Given information Block Start

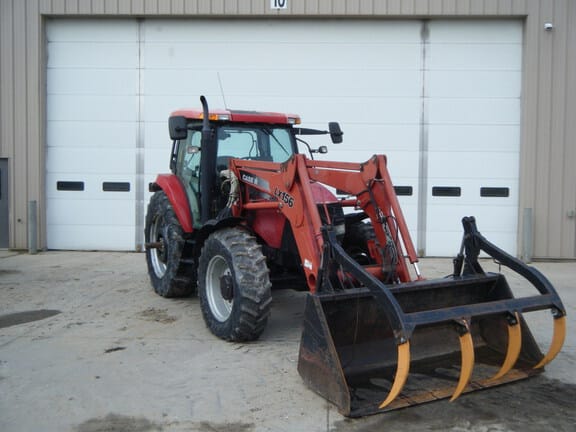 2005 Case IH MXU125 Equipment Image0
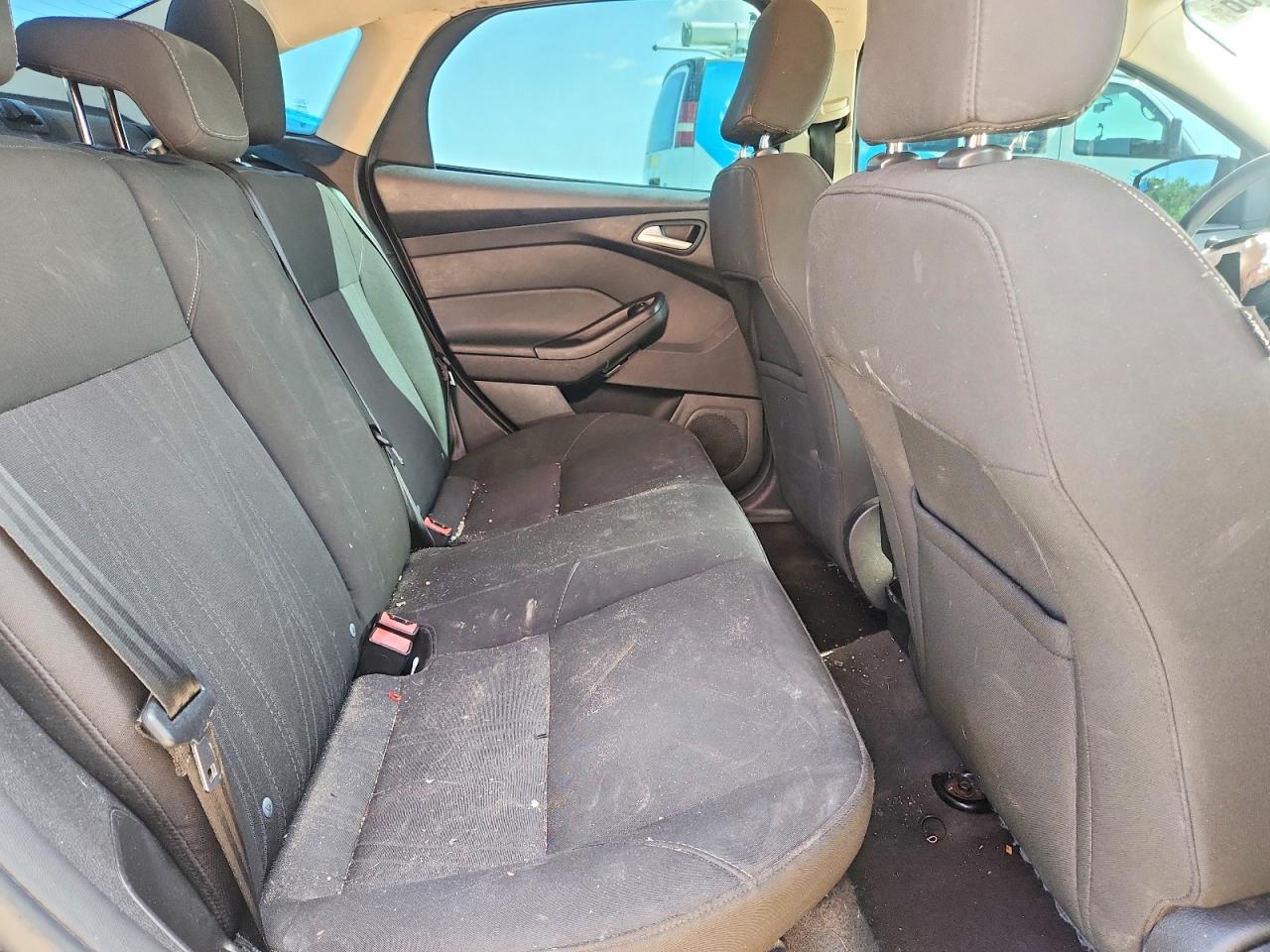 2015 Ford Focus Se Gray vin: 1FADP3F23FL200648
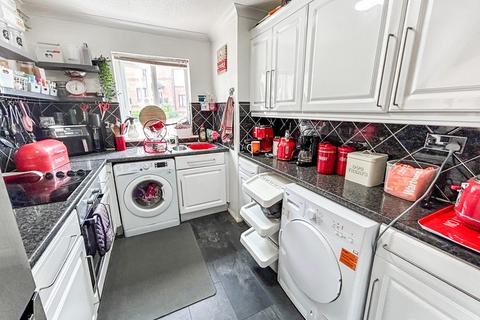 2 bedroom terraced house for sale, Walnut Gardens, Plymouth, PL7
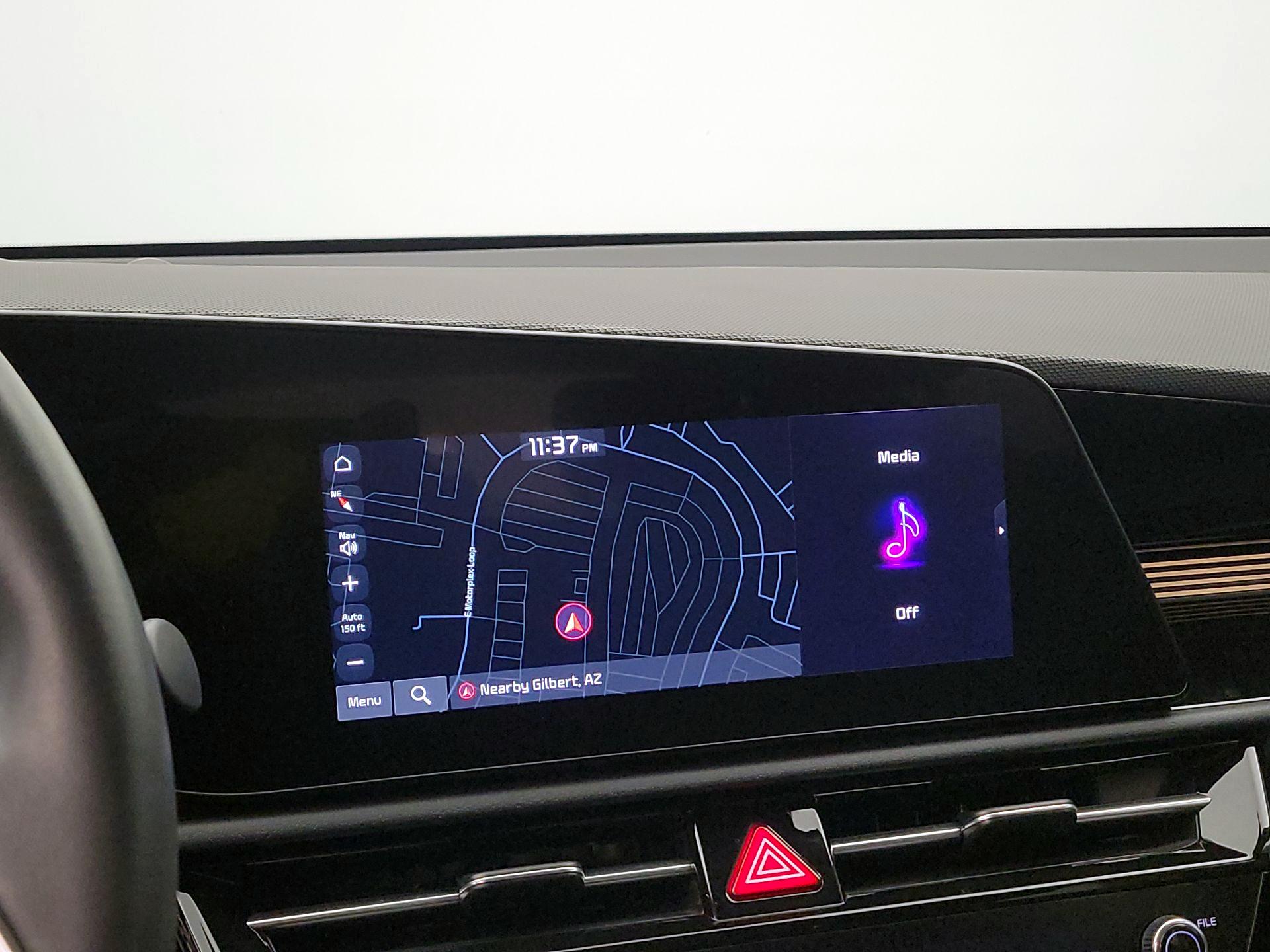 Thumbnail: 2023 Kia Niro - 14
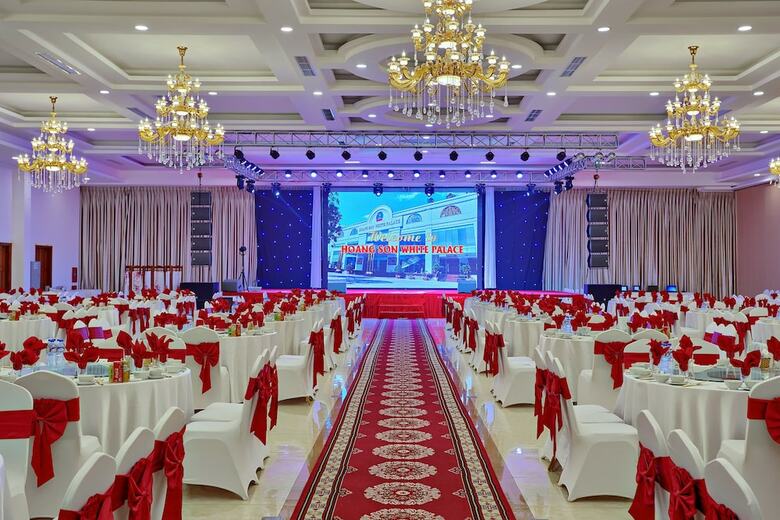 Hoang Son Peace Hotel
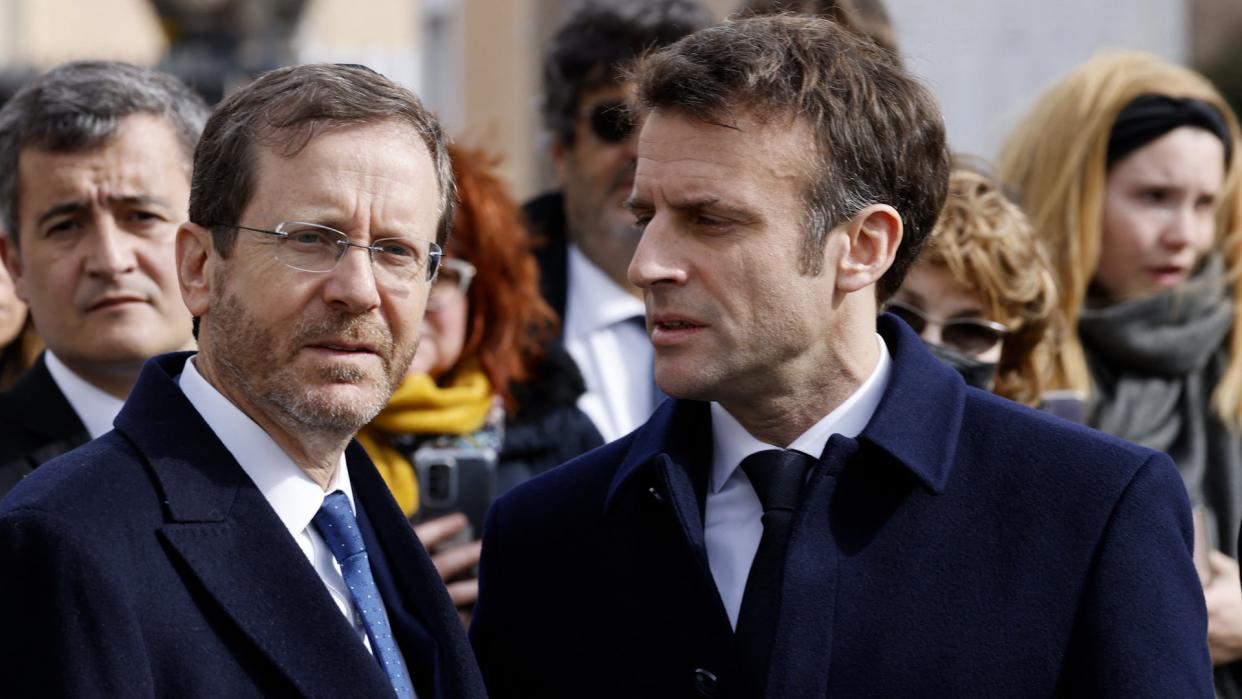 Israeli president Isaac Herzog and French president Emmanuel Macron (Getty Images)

Given information Block End

=== Task instructions ===
Quote the data exactly, leaving every image out of the copy.

=== Task output ===
 2005 Case IH MXU125 Equipment Image0
 2015 Ford Focus Se Gray vin: 1FADP3F23FL200648
 2 bedroom terraced house for sale, Walnut Gardens, Plymouth, PL7
 Thumbnail: 2023 Kia Niro - 14
 Hoang Son Peace Hotel
 Israeli president Isaac Herzog and French president Emmanuel Macron (Getty Images)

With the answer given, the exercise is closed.